Building relationships with banks is never easy for new finetchs, establishing their trust and being able to develop a sustainable ecosystem and to penetrate the market where existing players dominate like easypaisa, Jazzcash and banks, which provide gateways, is a herculean task. The ecommerce sector in Pakistan also faces many challenges overall such as cash on delivery (COD) still dominates the market as approximately 90 percent online payments are COD.

E-commerce companies want their websites to have lush graphics, styling, easy navigation, etc, but the majority of the products delivered are not what they look like in the marketing campaigns. One of the frequent complaints businesses get is that the product is entirely different from what they saw on the website hence chances for products being returned back are quite high at 35 percent on average orders placed.

Q: APPS received a pilot approval of launching e-commerce payment gateway from the SBP last month.

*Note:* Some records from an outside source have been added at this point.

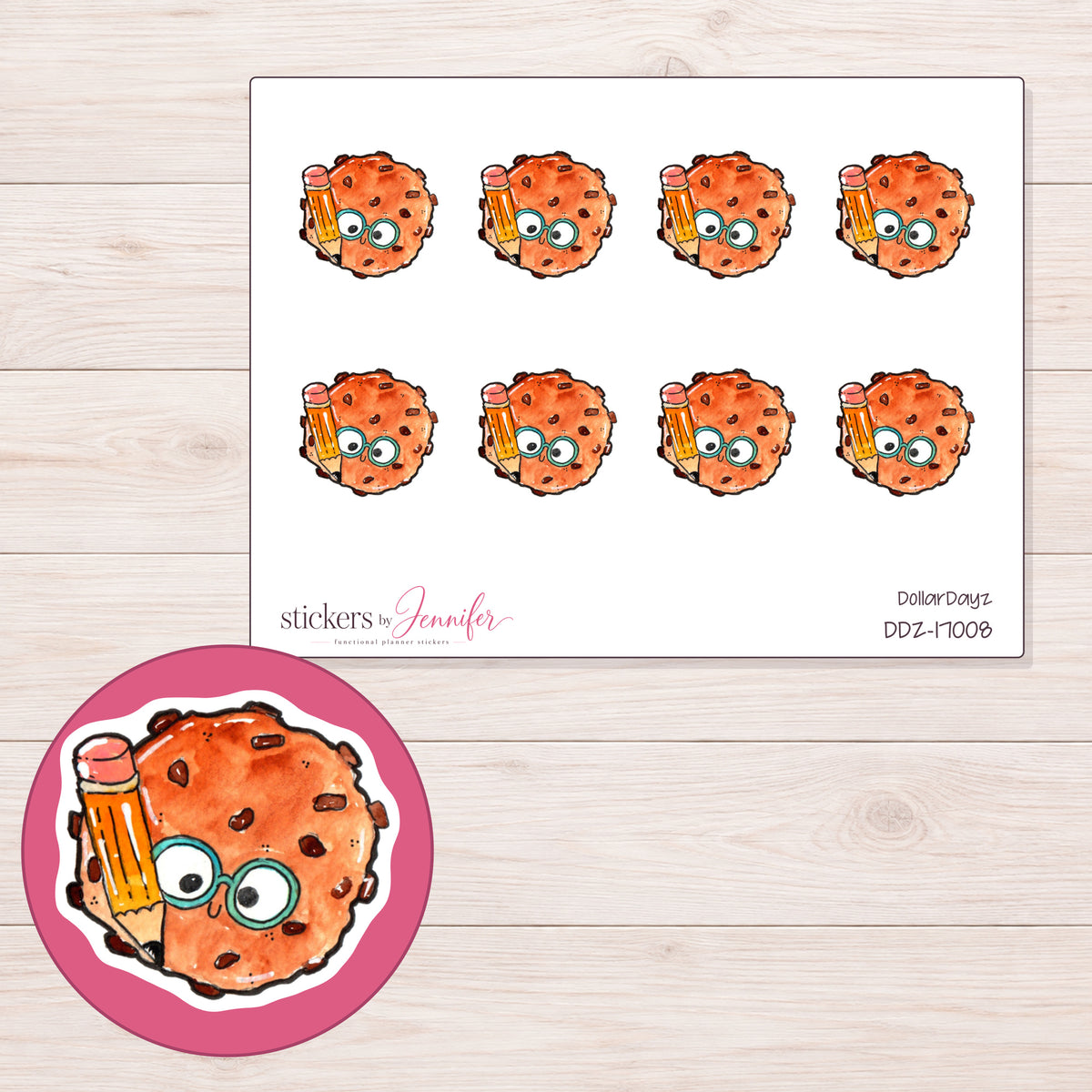 DDZ-17008 planner sticker sheet with enlarged sticker detail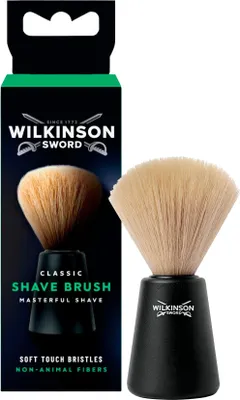 Produktbild von Wilkinson Sword Classic Shave Brush, Synthetisches Haar, Schwarz, Box, Forest Stewardship Council (FSC)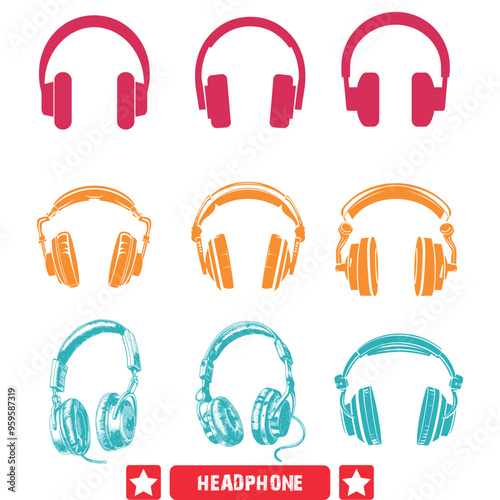 Sonic Harmony  Premium Headphone Vector Graphics for Design Enthusiasts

What progress has your company made so far?

A: APPS is very passionate about digitising the payment landscape of Pakistan. We are on our way to becoming the indigenous payment gateway of Pakistan which will address both merchant and customer pain points.

Merchants have faced many issues in adoption of e-commerce as there are open applications programming interfaces (APIs), ecommerce plugins and digital signups for easy onboarding. There are also very extensive onboarding and recurring charges which new entrants usually can’t bear. There are also a lot of markets untapped for online payments such as schools, freelancers, facebook merchants, and other segments where ecommerce checkout stores are not applicable.

APPS aims to target all of these pain points by providing open APIs to all available on the website, provide a diverse range of ecommerce plugins, a digital signup platform, and the best part is that we only charge a small fee per transaction and nothing else. We have also introduced payment links, our digital invoicing solution, which allows merchants to generate and send their clients a link to make payments. This service is ideal for the untapped merchant segment.

To better diversify the instruments accepted by merchants and to empower customers for online payments we are providing a one stop checkout solution. PayFast accepts card schemes such as UnionPay, mobile wallets like easypaisa and is also introducing the acceptance of bank account numbers as a new instrument.

Q: Card payments are underdeveloped in Pakistan. What’s your take on it?

A: While cards seem like the go to instrument for banking transactions, the penetration is rather low. There are 1.6 million credit cards and 26.5 million debit cards out of a population of 200 million plus.

There’s also a low acceptance count as the total number of point of sale machines are only 48.7 thousand. Other neighboring countries like India have 829.4 million debit cards and 57.4 million credit cards. China is a great example too where on average every person has roughly 5 cards, they had even crossed the 7 billion mark back in 2018.